L’Oscar del pensiero unico (di Natalia Aspesi)

(Natalia Aspesi  la Repubblica) – Non ci fosse stato Will Smith a ridare verità (anche se finta come si sospetta) alla più soporifera e maldestra notte degli Oscar (la novantaquattresima!), avremmo potuto dedicare una prece al cinema morituro per sua stessa volontà.

In una scenografia da teatrino oratoriale un maschio nero, dimentico di #BlackLivesMatter, ha dato uno sganassone a un altro maschio nero, celeberrimo comico, ritenendosi lui insultato da una battuta forse non elegante riferita alla moglie, che solo un paio di anni fa avrebbe fatto sorridere (infatti prima di indossare l’armatura di cavalier cortese anche Smith aveva riso).

Ma quando mai si ride oggi (forse alle gare di flatulenze o ai gatti che baciano galline su TikTok?) se siamo tutti lì frementi in attesa di offenderci? Infatti si è offesa l’Academy, perché nel mondo finto di oggi (in quello vero c’è la guerra) il nero non picchia né neri né bianchi, e noi signore cui nulla sfugge abbiamo subito accusato lo schiaffeggiatore di essere alfiere del patriarcato, in quanto doveva lasciare che fosse la sua magnifica signora a salire sul palco a difendere manescamente la sua bella testolina nuda (alopecia) che se non la riteneva adatta alla serata poteva banalizzare con una parrucca. Poi, si sa, il peccatore Smith ha chiesto scusa perché la violenza è una brutta cosa e tutti, tranne i russi, siam tornati buoni.

Nella sua lunga storia l’Academy ha assegnato molti Oscar a vanvera, questa volta però con una sottomissione ideologica che travalica l’idea del valore cinematografico. Va bene l’inclusione, ovvio, che dovrebbe essere soprattutto un problema politico, economico e sociale: ma l’arte, e il cinema talvolta lo è, dovrebbe fuggire da conformismo, buonismo, ed essere sorprendente, persino trasgressiva, soprattutto mai ipocrita; almeno così era sino al più recente passato.

Già quest’ anno la scelta dei candidati era blanda, rassicurante, un po’ noiosa, impegnata a evitare sviste di genere o di diversità nel terrore di conseguenti ammutinamenti di massa.

Negli ultimi anni i premi avevano già rispettato i codici dell’inclusione detta un tempo democrazia: le disuguaglianze di classe (Parasite , 2020), il passato razzista (Green Book, 2019), la muta e il mostro (La forma dell’acqua, 2018), l’omosessualità (Moonlight, 2017), la pedofilia nascosta (Spotlight, 2016).

Ma questa volta si è esagerato nel privilegiare la mediocrità purché buona, miglior film ovviamente diretto da una donna, con la famigliola di sordi, migliori attori nei biopic sul babbo delle sorelle Williams tenniste nere, e su una predicatrice evangelica e un po’ peccatrice ma che si dice femminista; attori non protagonisti una nera lesbica e un vero sordo.

Tanto per includere oltre ogni limite, sul palcoscenico il trans operato e pure una signora grassa ma non so in quale veste.
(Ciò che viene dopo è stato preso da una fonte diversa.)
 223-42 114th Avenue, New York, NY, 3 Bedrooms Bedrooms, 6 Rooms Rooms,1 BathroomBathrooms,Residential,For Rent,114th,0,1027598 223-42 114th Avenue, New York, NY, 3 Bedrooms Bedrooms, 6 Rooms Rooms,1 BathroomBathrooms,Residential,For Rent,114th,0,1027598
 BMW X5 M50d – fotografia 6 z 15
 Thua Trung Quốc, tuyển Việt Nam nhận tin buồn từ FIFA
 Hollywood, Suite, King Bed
Proprio non si poteva escludere Il potere del cane con le sue 12 candidature, premiato per la regia (una donna ovvio) e Belfast per la sceneggiatura originale, forse – con il giapponese Drive my car – i soli tre film che non saranno dimenticati.

Oltre all’atomica, mi fa molta paura un mondo chiuso nella tirannia di una uguaglianza impossibile, bigotta e disonesta perché le inclusioni vere sono altre. Di cosa si ha paura, del linciaggio se non si aderisce al pensiero unico? Si vuole piacere a tutti a tutti i costi? Oppure ci stiamo abituando alla sottomissione al più forte?